▸ Task prompt
Return the records below exactly as they are written.

▸ Task data
────────────────────
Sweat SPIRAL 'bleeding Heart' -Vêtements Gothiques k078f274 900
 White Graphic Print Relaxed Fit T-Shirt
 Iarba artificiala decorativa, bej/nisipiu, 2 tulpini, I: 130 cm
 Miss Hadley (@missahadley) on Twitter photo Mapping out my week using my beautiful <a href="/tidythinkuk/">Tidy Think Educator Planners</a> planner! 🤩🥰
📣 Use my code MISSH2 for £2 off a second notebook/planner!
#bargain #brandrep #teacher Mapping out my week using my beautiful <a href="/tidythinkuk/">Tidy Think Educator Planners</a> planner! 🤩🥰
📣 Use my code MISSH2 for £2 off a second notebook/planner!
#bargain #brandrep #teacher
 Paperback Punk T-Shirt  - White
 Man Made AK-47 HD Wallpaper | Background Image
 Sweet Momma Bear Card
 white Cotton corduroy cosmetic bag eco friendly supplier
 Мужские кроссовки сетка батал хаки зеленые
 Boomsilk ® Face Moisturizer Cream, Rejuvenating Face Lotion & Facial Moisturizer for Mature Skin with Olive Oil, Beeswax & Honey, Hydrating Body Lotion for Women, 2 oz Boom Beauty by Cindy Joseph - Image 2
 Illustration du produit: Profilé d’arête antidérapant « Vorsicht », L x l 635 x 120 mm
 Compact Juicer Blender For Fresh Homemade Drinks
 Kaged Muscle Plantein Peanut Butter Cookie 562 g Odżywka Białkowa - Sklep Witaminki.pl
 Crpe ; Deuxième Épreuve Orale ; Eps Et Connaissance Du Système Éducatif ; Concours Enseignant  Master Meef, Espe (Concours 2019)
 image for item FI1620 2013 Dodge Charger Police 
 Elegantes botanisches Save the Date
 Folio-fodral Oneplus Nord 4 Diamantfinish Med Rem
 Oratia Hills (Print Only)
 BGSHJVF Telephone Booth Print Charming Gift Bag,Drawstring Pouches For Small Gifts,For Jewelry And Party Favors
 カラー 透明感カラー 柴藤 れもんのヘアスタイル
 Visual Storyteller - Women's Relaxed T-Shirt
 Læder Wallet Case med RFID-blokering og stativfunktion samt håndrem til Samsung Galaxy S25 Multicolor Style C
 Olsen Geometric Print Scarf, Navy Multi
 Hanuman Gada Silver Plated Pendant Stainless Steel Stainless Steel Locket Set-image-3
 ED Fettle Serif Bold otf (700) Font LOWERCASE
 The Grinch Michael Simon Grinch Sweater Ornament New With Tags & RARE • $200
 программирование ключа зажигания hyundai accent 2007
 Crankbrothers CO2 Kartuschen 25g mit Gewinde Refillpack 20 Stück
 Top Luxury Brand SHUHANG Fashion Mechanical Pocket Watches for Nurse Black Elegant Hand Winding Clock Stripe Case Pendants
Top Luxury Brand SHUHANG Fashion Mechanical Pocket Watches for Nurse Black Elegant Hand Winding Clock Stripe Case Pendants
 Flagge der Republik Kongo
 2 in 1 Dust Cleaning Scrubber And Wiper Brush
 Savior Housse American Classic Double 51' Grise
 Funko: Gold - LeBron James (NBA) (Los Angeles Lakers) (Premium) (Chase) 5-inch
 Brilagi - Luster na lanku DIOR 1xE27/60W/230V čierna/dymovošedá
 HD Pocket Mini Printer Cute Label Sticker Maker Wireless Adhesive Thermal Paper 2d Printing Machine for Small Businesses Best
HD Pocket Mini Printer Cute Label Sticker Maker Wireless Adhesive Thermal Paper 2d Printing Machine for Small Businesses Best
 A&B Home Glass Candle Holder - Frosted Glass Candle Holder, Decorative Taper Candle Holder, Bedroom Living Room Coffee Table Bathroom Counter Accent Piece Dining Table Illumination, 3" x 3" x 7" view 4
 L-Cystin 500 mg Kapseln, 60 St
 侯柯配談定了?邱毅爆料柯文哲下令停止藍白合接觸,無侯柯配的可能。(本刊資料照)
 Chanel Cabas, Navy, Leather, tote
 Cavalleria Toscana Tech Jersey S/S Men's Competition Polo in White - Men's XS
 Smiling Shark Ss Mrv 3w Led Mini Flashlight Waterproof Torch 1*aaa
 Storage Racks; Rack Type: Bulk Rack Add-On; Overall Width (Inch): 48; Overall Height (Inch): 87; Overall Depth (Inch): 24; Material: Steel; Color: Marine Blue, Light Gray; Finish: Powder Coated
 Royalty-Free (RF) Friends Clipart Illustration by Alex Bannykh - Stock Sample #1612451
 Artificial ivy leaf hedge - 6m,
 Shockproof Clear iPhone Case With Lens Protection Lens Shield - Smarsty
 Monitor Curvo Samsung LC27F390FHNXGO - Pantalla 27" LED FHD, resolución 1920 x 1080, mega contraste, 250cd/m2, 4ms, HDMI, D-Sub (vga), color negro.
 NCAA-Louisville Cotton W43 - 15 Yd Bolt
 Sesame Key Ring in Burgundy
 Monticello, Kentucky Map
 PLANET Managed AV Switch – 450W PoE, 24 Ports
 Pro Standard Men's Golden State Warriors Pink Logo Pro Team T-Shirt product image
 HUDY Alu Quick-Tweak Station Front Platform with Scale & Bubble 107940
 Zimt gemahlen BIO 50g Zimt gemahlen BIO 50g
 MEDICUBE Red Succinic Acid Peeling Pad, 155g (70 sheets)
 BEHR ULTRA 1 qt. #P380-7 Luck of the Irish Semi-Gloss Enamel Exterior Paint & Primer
────────────────────
▸ Output of the task
Sweat SPIRAL 'bleeding Heart' -Vêtements Gothiques k078f274 900
 White Graphic Print Relaxed Fit T-Shirt
 Iarba artificiala decorativa, bej/nisipiu, 2 tulpini, I: 130 cm
 Miss Hadley (@missahadley) on Twitter photo Mapping out my week using my beautiful <a href="/tidythinkuk/">Tidy Think Educator Planners</a> planner! 🤩🥰
📣 Use my code MISSH2 for £2 off a second notebook/planner!
#bargain #brandrep #teacher Mapping out my week using my beautiful <a href="/tidythinkuk/">Tidy Think Educator Planners</a> planner! 🤩🥰
📣 Use my code MISSH2 for £2 off a second notebook/planner!
#bargain #brandrep #teacher
 Paperback Punk T-Shirt  - White
 Man Made AK-47 HD Wallpaper | Background Image
 Sweet Momma Bear Card
 white Cotton corduroy cosmetic bag eco friendly supplier
 Мужские кроссовки сетка батал хаки зеленые
 Boomsilk ® Face Moisturizer Cream, Rejuvenating Face Lotion & Facial Moisturizer for Mature Skin with Olive Oil, Beeswax & Honey, Hydrating Body Lotion for Women, 2 oz Boom Beauty by Cindy Joseph - Image 2
 Illustration du produit: Profilé d’arête antidérapant « Vorsicht », L x l 635 x 120 mm
 Compact Juicer Blender For Fresh Homemade Drinks
 Kaged Muscle Plantein Peanut Butter Cookie 562 g Odżywka Białkowa - Sklep Witaminki.pl
 Crpe ; Deuxième Épreuve Orale ; Eps Et Connaissance Du Système Éducatif ; Concours Enseignant  Master Meef, Espe (Concours 2019)
 image for item FI1620 2013 Dodge Charger Police 
 Elegantes botanisches Save the Date
 Folio-fodral Oneplus Nord 4 Diamantfinish Med Rem
 Oratia Hills (Print Only)
 BGSHJVF Telephone Booth Print Charming Gift Bag,Drawstring Pouches For Small Gifts,For Jewelry And Party Favors
 カラー 透明感カラー 柴藤 れもんのヘアスタイル
 Visual Storyteller - Women's Relaxed T-Shirt
 Læder Wallet Case med RFID-blokering og stativfunktion samt håndrem til Samsung Galaxy S25 Multicolor Style C
 Olsen Geometric Print Scarf, Navy Multi
 Hanuman Gada Silver Plated Pendant Stainless Steel Stainless Steel Locket Set-image-3
 ED Fettle Serif Bold otf (700) Font LOWERCASE
 The Grinch Michael Simon Grinch Sweater Ornament New With Tags & RARE • $200
 программирование ключа зажигания hyundai accent 2007
 Crankbrothers CO2 Kartuschen 25g mit Gewinde Refillpack 20 Stück
 Top Luxury Brand SHUHANG Fashion Mechanical Pocket Watches for Nurse Black Elegant Hand Winding Clock Stripe Case Pendants
Top Luxury Brand SHUHANG Fashion Mechanical Pocket Watches for Nurse Black Elegant Hand Winding Clock Stripe Case Pendants
 Flagge der Republik Kongo
 2 in 1 Dust Cleaning Scrubber And Wiper Brush
 Savior Housse American Classic Double 51' Grise
 Funko: Gold - LeBron James (NBA) (Los Angeles Lakers) (Premium) (Chase) 5-inch
 Brilagi - Luster na lanku DIOR 1xE27/60W/230V čierna/dymovošedá
 HD Pocket Mini Printer Cute Label Sticker Maker Wireless Adhesive Thermal Paper 2d Printing Machine for Small Businesses Best
HD Pocket Mini Printer Cute Label Sticker Maker Wireless Adhesive Thermal Paper 2d Printing Machine for Small Businesses Best
 A&B Home Glass Candle Holder - Frosted Glass Candle Holder, Decorative Taper Candle Holder, Bedroom Living Room Coffee Table Bathroom Counter Accent Piece Dining Table Illumination, 3" x 3" x 7" view 4
 L-Cystin 500 mg Kapseln, 60 St
 侯柯配談定了?邱毅爆料柯文哲下令停止藍白合接觸,無侯柯配的可能。(本刊資料照)
 Chanel Cabas, Navy, Leather, tote
 Cavalleria Toscana Tech Jersey S/S Men's Competition Polo in White - Men's XS
 Smiling Shark Ss Mrv 3w Led Mini Flashlight Waterproof Torch 1*aaa
 Storage Racks; Rack Type: Bulk Rack Add-On; Overall Width (Inch): 48; Overall Height (Inch): 87; Overall Depth (Inch): 24; Material: Steel; Color: Marine Blue, Light Gray; Finish: Powder Coated
 Royalty-Free (RF) Friends Clipart Illustration by Alex Bannykh - Stock Sample #1612451
 Artificial ivy leaf hedge - 6m,
 Shockproof Clear iPhone Case With Lens Protection Lens Shield - Smarsty
 Monitor Curvo Samsung LC27F390FHNXGO - Pantalla 27" LED FHD, resolución 1920 x 1080, mega contraste, 250cd/m2, 4ms, HDMI, D-Sub (vga), color negro.
 NCAA-Louisville Cotton W43 - 15 Yd Bolt
 Sesame Key Ring in Burgundy
 Monticello, Kentucky Map
 PLANET Managed AV Switch – 450W PoE, 24 Ports
 Pro Standard Men's Golden State Warriors Pink Logo Pro Team T-Shirt product image
 HUDY Alu Quick-Tweak Station Front Platform with Scale & Bubble 107940
 Zimt gemahlen BIO 50g Zimt gemahlen BIO 50g
 MEDICUBE Red Succinic Acid Peeling Pad, 155g (70 sheets)
 BEHR ULTRA 1 qt. #P380-7 Luck of the Irish Semi-Gloss Enamel Exterior Paint & Primer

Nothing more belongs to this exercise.